The semi-final of the World Cup 2014 ended with two unprecedented results for this stage of the competition, to the delight of Germans and Argentinians (and the dismay of Brazilians and the Dutch). After Germany thrashed Brazil by 7-1 and Argentina and the Netherlands tied in a goalless draw in regulation time (4-2 on penalties), the average number of goals in the World Cup now stands at 2.69 per match. The number is the highest since the 1994 World Cup in the United States (average of 2.71 goals per match), and the twelfth largest in history.
A total 167 goals have already been scored in the 62 matches of the 2014 FIFA World Cup Brazil played so far. This is the second largest number in the history of World Cups, four goals less than the 1998 edition played in France. Depending on the scores of the third place match between Brazil and Netherlands on Saturday (July 12) in Brasília and the final match between Germany and Argentina (July 13) in Rio de Janeiro, the competition may end as the most goal-full edition of all 20 World Cups in history.

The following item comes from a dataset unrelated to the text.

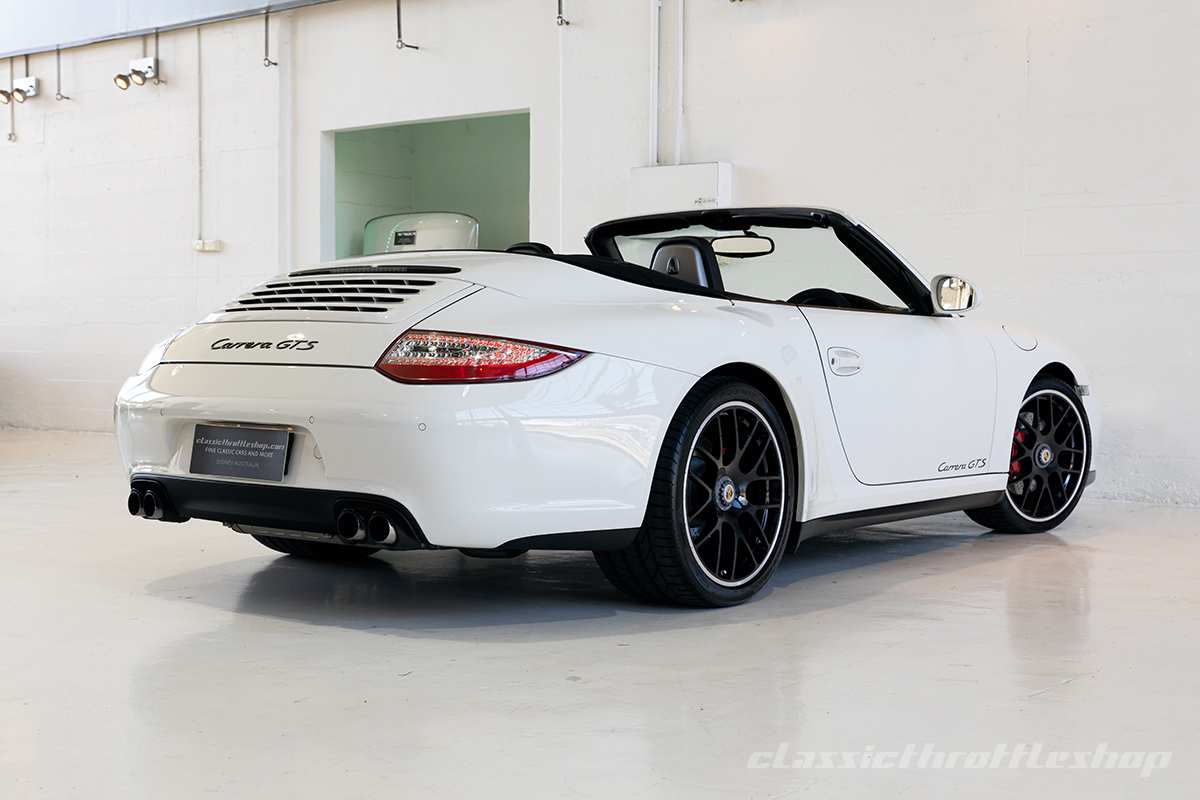 Porsche-Carrera-GTS-white-12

The Seleção's defeat against the Germans also broke two records: it is both the biggest rout ever suffered by Brazil in the one hundred years of the team and the largest ever thrashing of any team in a World Cup since the introduction of the knockout stage. Other results with the same goal difference had only been seen before in 1950, when Brazil beat Sweden by the same 7-1, and when Argentina routed Peru by 6-0 in 1978. However, both matches happened in a World Cup that did not have a knockout stage (despite happening at a stage preceding the final). The score is also the largest ever defeat suffered by a World Cup host country in its own turf.
With 63,267 fans witnessing Argentina's qualification to the final on Wednesday (9 July), the Corinthians Arena (São Paulo) match elevated total attendance numbers for this World Cup to a total of 3,287,101 fans. The number elevates the Brazil World Cup to the pantheon of the highest-attendance editions of the tournament. The first place in that ranking goes to the US World Cup in 1994 (total attendance of 3.58 million), with the 2006 World Cup (3.35 million) in second. The World Cup 2014 now stands at third place, and is likely to surpass 2006’s Germany World Cup after the last two matches.
In average attendance, however, the Brazil World Cup is already the second largest of all tournaments. With 53,017 fans per match, this year's edition is second only to the United States World Cup in 1994 (average of 68,991), which would be impossible to reach due to the capacity of the stadiums.